Personnalité de gauche, elle a laissé chez certains, par son usage étendu du concept de « totalitarisme », fusionnant fascisme et communisme, le souvenir d’une doctrinaire de la guerre froide. Juive, un temps militante sioniste, elle a, par ses critiques acerbes de la politique du mouvement auquel elle avait appartenu, puis par son rapport controversé sur le procès d’Adolf Eichmann dans les années 1960, fini par être considérée – à tort – comme une adversaire d’Israël.
Bien qu’ayant été, en Allemagne, l’une des plus brillantes étudiantes de son temps dans des universités encore bien peu accueillantes envers les juives comme envers le « deuxième sexe », elle n’est guère revendiquée par les féministes. Ses positions ambiguës sur les droits civiques, aux Etats-Unis où elle s’était exilée depuis 1941, ne laissent pas de mettre mal à l’aise.
Ce hors-série du Monde s’efforce de retrouver, derrière les simplifications, la complexité d’un itinéraire dont plus d’une étape demeure surprenante. En insistant, par exemple, sur la période mal connue pendant laquelle Hannah Arendt séjourne en France, de 1933 à 1941, il rectifie un certain nombre de raccourcis à travers lesquels cette figure protéiforme est appréhendée aujourd’hui.
Si la littérature dite secondaire sur Hannah Arendt est considérable, ses archives peuvent ménager encore des surprises au ton très « actuel ». Thomas Meyer, un spécialiste allemand de Hannah Arendt qui a consacré à son œuvre la biographie la plus récente (Hannah Arendt. Die Biografie, Piper, 2023, en allemand non traduit), a ainsi découvert en 2022 un inédit que le hors-série du Monde publie pour la première fois en version française. Il s’agit d’un texte de 1944 regrettant la timidité du Congrès américain sur la question de la Palestine et du « Foyer national juif ». Non sans une certaine lucidité, Arendt s’y inquiète précocement de ce que le Proche-Orient puisse se transformer en « baril de poudre du monde ».
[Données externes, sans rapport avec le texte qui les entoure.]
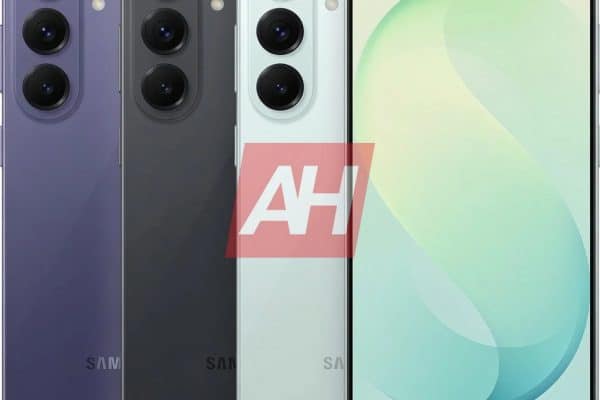 Los próximos lanzamientos de Samsung aparecen en Google Play Console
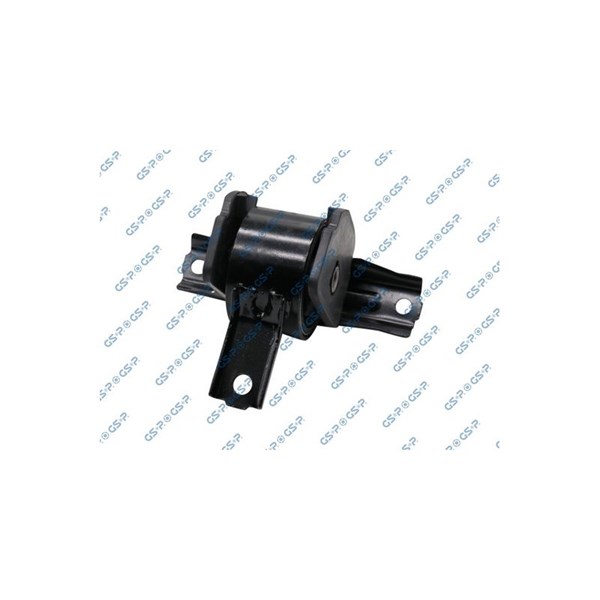 Motorkudde, Bak, Höger Gsp 514760 GSP
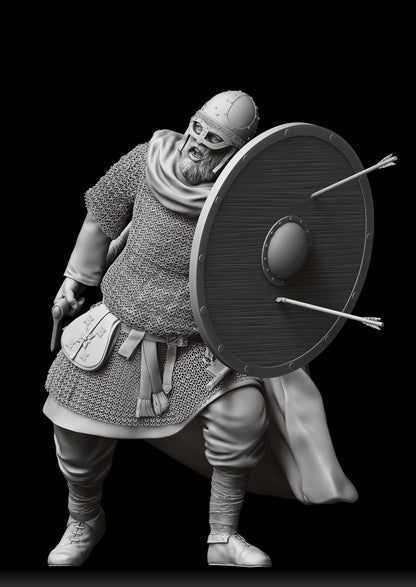 Viking #2 (54mm)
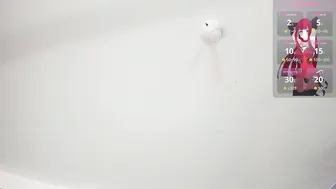 loren_jacksoon ass cam video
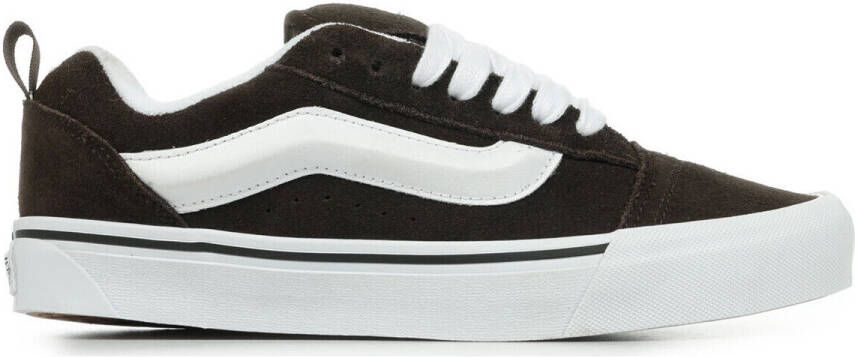 Vans Sneakers Knu Skool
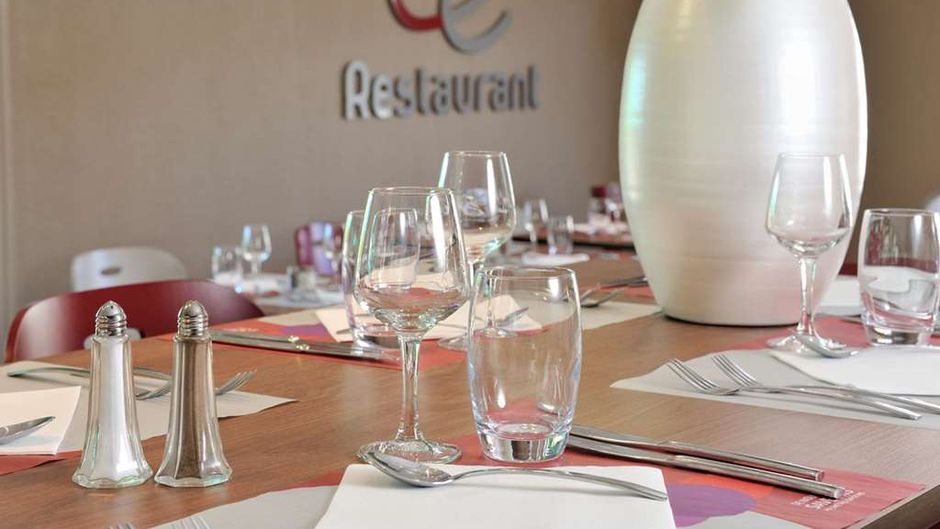 Campanile Hotel Restaurant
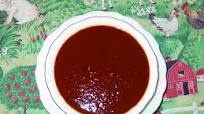 Irma's Red Enchilada Sauce (Salsa De Chile Rojo) Irma's Red Enchilada Sauce (Salsa De Chile Rojo)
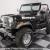 1983 Jeep CJ7 with Chevy 350 "no reserve will sell"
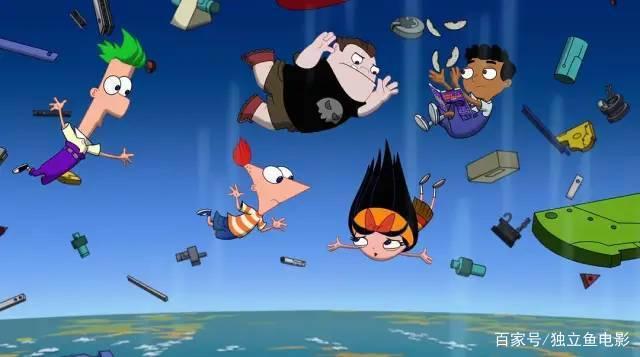 季季9.6，这脑洞神作又回来了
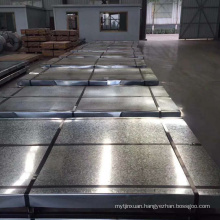 Z275 galvanized steel roll/Hot Dipped Galvanized Steel Coil/Sheet/Plate/Strip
Qui fut vraiment Hannah Arendt, se demande-t-on à l’issue de ce parcours à travers son existence et sa pensée ? Elle préférait se dire politologue et rejetait le qualificatif d’intellectuelle. Mais l’héritage le plus probable qu’elle laissera sera sans doute celui de philosophe. Ce legs, elle l’a recueilli auprès des plus grands de son époque, Edmund Husserl, Martin Heidegger ou Karl Jaspers, et elle a su le développer en une originale théorie de l’action. C’est donc sans doute en tant que philosophe qu’Arendt doit conserver toute sa place dans nos mémoires de modernes.
« Hannah Arendt, l’amour du monde », hors-série « Une vie, une œuvre », 124 pages, 11 euros.